That's Oliver above, playing for Erasmus, scoring in the 1966 high school championship game against Clinton
Joe Bruno's mentioning of Oliver Shannon triggered some memories, numbered in sequence from different Kvers:
1. I knew an Oliver Shannon in Jr Hi. A black kid, great b-ball player. Is this the same person you mention. And do you know his whereabouts?
2. Now some bravado. Oliver came to "our" park having heard of my speed and challenged me to a race. I had "school" shoes still on and he had sneakers. I easily beat him. Another time some Italian "kid" also came to challenge me-he was from the Bronx or Brooklyn and looked real tough. Well the result was the same I easily beat him and he shook my hand and said "you won fair and square".
3. I have listened to the tales of Marvin K speeding up and down the asphalt, taking all comers from all neighborhoods and sending them on the impecunious ways besmirched and bedraggled, festooned in defeat and despair. And to o’ercome the human foe is grand and ne’er do I contest it. But I, in no less titanic a tussle have rebuked the grandest adversary of them all-–Father Time himself. Hear me now oh you from KV come. My daily journey around the Central Park of Manahatta runs up and down hill but always from North to South along the western ridge and then due up the Eastern byway. Just so, as the arrows point the path. Yet today I sought to run my duo-pedaled steed down the eastern and up the western drives, thus reversing the direction of traffic and, in effect, biding my pace betwixt and between the rungs of oncoming cyclists and motorists. Backwards did I run my race, you brethren. And for all the time I sped, spinning backwards, I out-pointed my previous best by a full 79 seconds. Around the entire park with time to spare. I beat my best time backwards. Say it with me please, he beat the best backward. And the best of the mightiest. Father Time himself stood speechless by the park exit and dipped his brow into the Harlem Meer, he was spent but now unencumbered by the mantle of invincibility that he once so proudly sported. Do you see what I’m saying here/ Can you make it out clearly oh yee of KV come?
4. Would you be kind enough to repeat that?
I looked to find an address and phone number for an Oliver Shannon. The one suspect I found in North Carolina wasn't him. In searching the Social Security Death Index I found an Oliver Shannon, born 9/29/47, and passed away 9/21/01. The card was issued in NYC and had numbers that corresponded to a lower east side location. This prompted this email to the chatterers.
Looks like Oliver Shannon may have lost the race we all will eventually lose, only looks like he lost in the trials at age 54
1. Very sad about Ollie.
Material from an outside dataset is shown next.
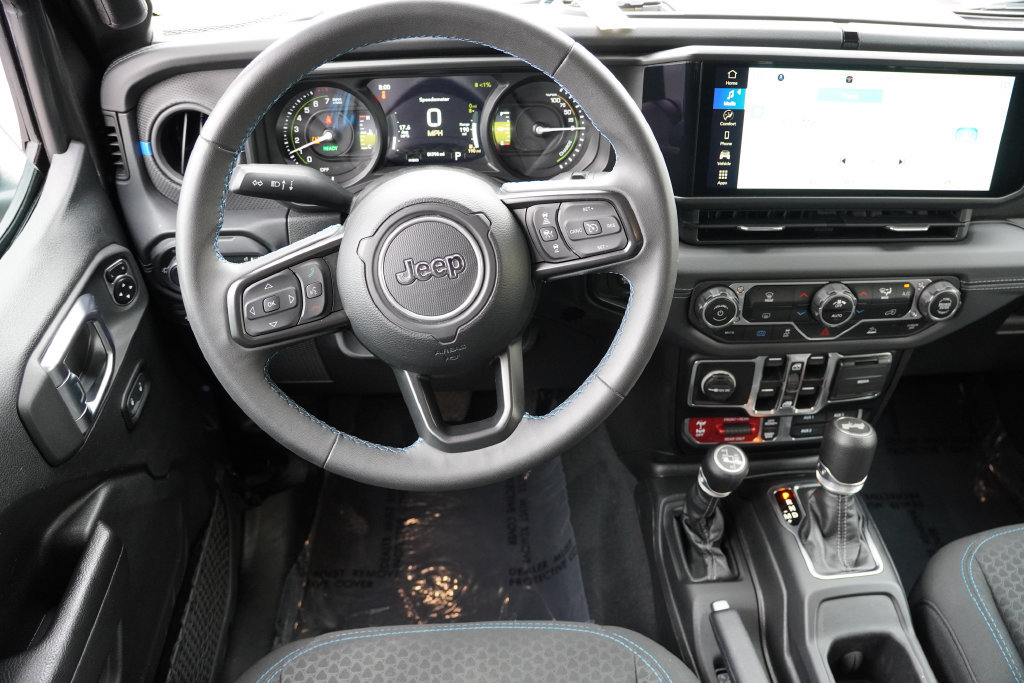 Used 2024 Jeep Wrangler Unlimited Rubicon 4xe AWD/4WD image 20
He passed 10 days after 9/11--I wonder if it had anything to do with the Twin Towers. Ollie signed my elementary school yearbook, played one year on my Edgies team--went on to star for Erasmus Hall on their city championship team with Coak Cannon and George Thompson and starred in the Rucker league, then played for the Cincinnati Royals for a year or two. Genuinely sweet guy.
2. He had that sleeper play where he would fall down at the key and writhe as if in agony and when people gathered around him he would dribble in and lay the ball up. Willowy and always smiling. I can't even remember talking to him but I remember his presence very clearly. A dominating player but a gentle soul. Poetry in motion. An idiosyncratic personality but a true as gravity eye. God bless Oliver Shannon.